> _Material for this task_
>>>

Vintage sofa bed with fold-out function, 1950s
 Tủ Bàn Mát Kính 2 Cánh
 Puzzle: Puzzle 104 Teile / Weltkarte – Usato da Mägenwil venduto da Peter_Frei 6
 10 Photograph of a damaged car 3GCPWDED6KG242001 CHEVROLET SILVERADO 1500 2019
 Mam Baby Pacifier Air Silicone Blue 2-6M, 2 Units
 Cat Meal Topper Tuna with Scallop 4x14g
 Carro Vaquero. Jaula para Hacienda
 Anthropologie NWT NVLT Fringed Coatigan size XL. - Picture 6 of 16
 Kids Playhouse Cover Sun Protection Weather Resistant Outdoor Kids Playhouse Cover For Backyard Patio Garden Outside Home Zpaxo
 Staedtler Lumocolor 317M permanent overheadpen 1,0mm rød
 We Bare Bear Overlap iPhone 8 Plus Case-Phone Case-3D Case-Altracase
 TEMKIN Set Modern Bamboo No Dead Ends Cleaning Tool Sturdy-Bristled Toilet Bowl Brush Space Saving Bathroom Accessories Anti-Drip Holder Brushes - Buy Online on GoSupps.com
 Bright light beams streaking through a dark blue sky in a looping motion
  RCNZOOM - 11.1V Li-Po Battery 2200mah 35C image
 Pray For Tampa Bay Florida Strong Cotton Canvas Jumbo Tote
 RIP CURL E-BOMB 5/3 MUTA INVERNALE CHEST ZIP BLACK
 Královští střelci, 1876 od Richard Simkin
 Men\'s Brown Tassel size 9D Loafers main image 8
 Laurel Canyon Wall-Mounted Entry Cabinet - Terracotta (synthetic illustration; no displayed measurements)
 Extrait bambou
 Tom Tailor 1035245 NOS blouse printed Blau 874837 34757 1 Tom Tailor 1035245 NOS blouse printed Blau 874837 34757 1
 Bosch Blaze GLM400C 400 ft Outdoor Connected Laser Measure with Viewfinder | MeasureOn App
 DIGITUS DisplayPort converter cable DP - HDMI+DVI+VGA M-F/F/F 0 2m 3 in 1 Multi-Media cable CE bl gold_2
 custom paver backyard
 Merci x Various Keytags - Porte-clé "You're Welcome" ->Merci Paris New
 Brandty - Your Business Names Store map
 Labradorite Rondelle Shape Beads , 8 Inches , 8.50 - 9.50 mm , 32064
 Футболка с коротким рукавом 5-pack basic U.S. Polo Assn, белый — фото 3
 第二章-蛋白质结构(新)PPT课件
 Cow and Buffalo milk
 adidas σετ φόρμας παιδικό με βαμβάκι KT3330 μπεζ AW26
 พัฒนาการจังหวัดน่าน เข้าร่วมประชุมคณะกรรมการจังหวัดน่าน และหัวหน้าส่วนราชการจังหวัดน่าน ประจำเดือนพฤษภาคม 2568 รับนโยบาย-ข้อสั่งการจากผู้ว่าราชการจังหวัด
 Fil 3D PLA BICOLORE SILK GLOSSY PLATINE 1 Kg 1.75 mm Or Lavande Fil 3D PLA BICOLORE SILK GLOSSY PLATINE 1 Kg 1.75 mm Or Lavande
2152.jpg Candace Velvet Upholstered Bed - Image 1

<<<

> _What you should do_
Check each line of the listing above for the string "with", then please give the number of lines where it appears and nothing else.

> _Reply_
3